Since I’ve been here, I’ve come to learn that Thursday mornings are the most hectic time on the farm. Every Thursday afternoon, a truck leaves the foundation full of eggs, dairy products, and vegetables on a five and a half hour drive to Quito, where SCXC sells all of its products. That means Thursday morning is typically an all-hands-on-deck rush to harvest and process whatever fruits and vegetables are being shipped to Quito in the afternoon.
Thursday, March 17th started like any other Thursday for me. My bus from Guaranda, where I’m living about thirty minutes away, arrived at about 8:00 AM and I went to the agronomy office to speak with my supervisor Rosa about what I would be doing that day. I arrived at the office and found that the building was empty. Because it was Thursday, the rest of the employees had gotten an early start on the harvest. Not knowing what to do or where to go, I looked around for about 20 minutes for anybody who could tell me where we were harvesting today, and after asking about three people who gave me inconclusive answers, I finally walked up to the top of the property for a good vantage point and spotted the tractor on a steep cabbage field across the road.
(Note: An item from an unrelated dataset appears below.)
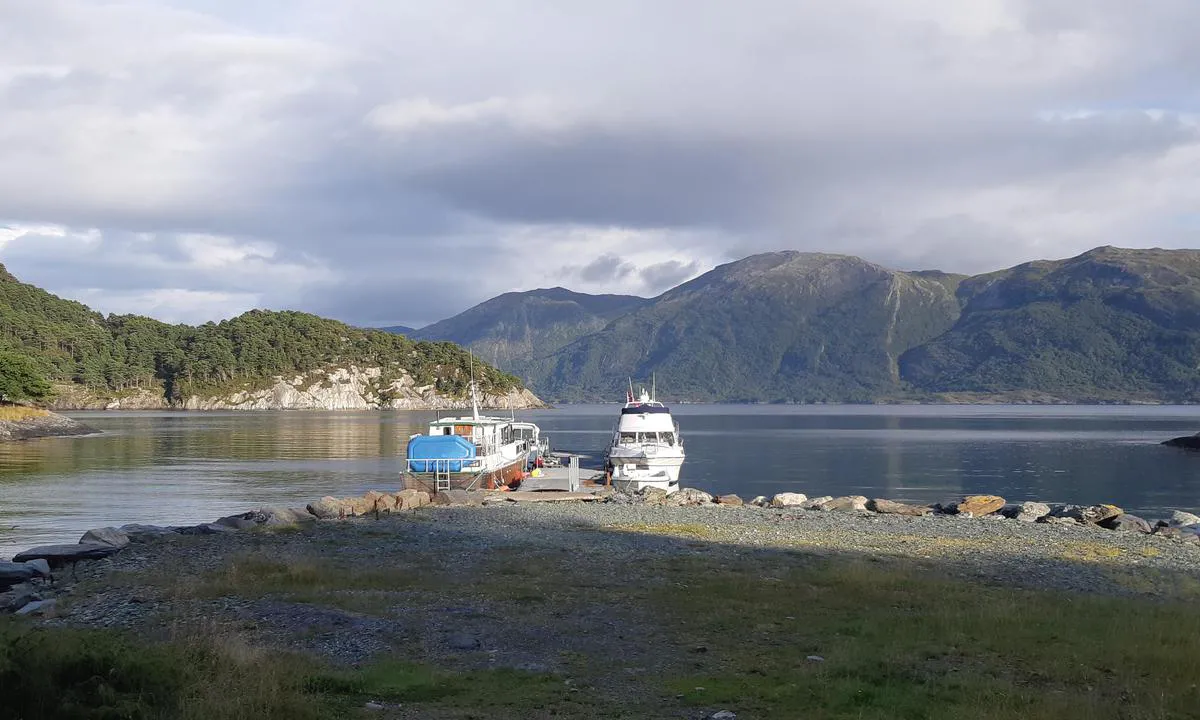 Kvalstad - Svanøy: {"base": "no", "no": "Grei beliggenhet i le for Nordavind", "se": "Bra l\u00e4ge i l\u00e4 f\u00f6r nordvind", "en": "Good location sheltered from the north wind", "da": "God beliggenhed i l\u00e6 for Nordenvind"}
Twenty minutes later, about 45 minutes after I arrived for the day, I finally made my way over to the field and arrived to a group of people arguing and a tractor stuck two feet deep in mud halfway up the hill. When people are arguing in Spanish I have a hard time following the conversation, but I understood the general message that it had rained heavily the night before and they shouldn’t have been trying to use the tractor at all. The alternative to the tractor—carrying 1,000 kilograms of cabbage up a hill at 9,000 feet above sea level by hand—was unappealing enough that they had decided to try the tractor anyway, a decision I probably would have also made. I was lucky enough to arrive just in time to help carry the cabbages up the hill.
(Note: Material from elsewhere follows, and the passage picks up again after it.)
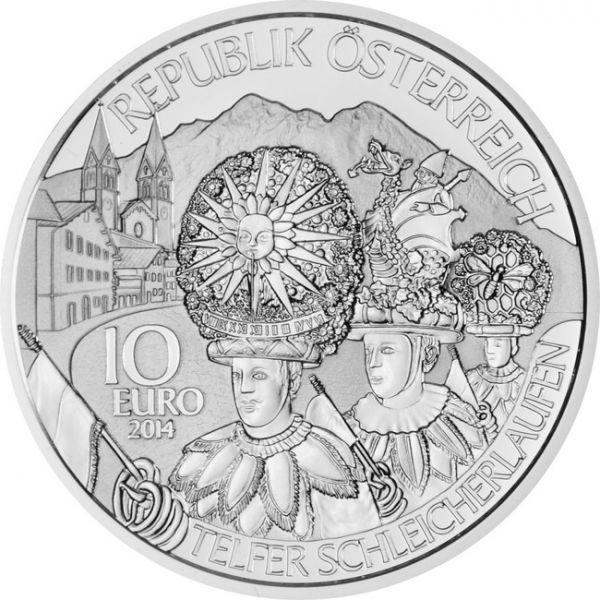 Tyrolsko 2014, stříbrná mince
Rosa called in a favor and got a friend with a truck over to load the cabbages into, and I was (un)lucky enough to get the job of loading the cabbages instead of carrying them up; I avoided carrying sixty pound sacks of cabbages up a hill, but my back was screaming by the time we finished. Thankfully, we took what we had already harvested, about 600 kilograms of cabbages, and Rosa made the call to harvest the rest from a different field closer to the foundation.
After a short ride back to the foundation and 400 more kilograms of cabbages harvested, I started to help with the processing. Exhausted, I had a hard time keeping up with the conversation and just focused on the massive pile of cabbages next to me. Right before lunch at 12:30, we finally finished processing and washing all of the cabbage and loading them into crates for shipping.
The Su Cambio Por El Cambio farm is restricted by financial and environmental restraints which create inefficiencies in every area. Nonetheless, I’ve found it incredibly fulfilling to work with my coworkers here to try and overcome those obstacles, even if it means more effort and time on our part, because I’m doing it for a foundation that is a cornerstone of the San Simon community and is doing the important work of growing healthy, organic food.